### [MATERIAL TO PROCESS]
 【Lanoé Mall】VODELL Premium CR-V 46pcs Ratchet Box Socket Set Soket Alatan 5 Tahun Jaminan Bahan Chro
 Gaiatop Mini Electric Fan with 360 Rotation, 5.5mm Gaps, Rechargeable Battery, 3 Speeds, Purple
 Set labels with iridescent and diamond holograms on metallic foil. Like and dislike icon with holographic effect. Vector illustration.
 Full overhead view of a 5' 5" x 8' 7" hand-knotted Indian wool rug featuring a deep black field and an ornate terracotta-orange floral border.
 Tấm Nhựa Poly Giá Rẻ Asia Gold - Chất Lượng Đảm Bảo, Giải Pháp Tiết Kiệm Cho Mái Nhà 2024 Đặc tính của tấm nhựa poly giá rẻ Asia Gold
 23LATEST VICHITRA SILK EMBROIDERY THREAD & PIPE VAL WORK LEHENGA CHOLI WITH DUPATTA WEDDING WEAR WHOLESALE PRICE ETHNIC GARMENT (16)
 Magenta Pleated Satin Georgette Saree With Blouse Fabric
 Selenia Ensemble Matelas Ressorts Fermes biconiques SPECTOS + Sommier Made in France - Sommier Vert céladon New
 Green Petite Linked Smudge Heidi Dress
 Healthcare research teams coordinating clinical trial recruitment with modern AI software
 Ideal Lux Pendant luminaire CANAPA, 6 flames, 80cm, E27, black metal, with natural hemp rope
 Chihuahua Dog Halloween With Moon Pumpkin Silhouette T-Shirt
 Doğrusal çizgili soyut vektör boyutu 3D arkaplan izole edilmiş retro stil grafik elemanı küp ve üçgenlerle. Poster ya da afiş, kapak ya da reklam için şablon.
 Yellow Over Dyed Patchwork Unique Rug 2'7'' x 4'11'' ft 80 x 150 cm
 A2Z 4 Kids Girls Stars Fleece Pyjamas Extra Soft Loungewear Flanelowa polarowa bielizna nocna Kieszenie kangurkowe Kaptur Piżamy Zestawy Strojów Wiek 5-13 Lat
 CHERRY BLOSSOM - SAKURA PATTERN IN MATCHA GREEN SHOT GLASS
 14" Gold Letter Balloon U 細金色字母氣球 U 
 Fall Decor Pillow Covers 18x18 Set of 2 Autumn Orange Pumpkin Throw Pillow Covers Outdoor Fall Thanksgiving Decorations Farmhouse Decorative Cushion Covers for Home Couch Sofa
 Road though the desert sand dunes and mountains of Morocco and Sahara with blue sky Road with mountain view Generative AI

### [WHAT IS EXPECTED]
Filter the data above, keeping only lines that include the string "Gold".

### [OUTPUT BELOW]
 Tấm Nhựa Poly Giá Rẻ Asia Gold - Chất Lượng Đảm Bảo, Giải Pháp Tiết Kiệm Cho Mái Nhà 2024 Đặc tính của tấm nhựa poly giá rẻ Asia Gold
 14" Gold Letter Balloon U 細金色字母氣球 U 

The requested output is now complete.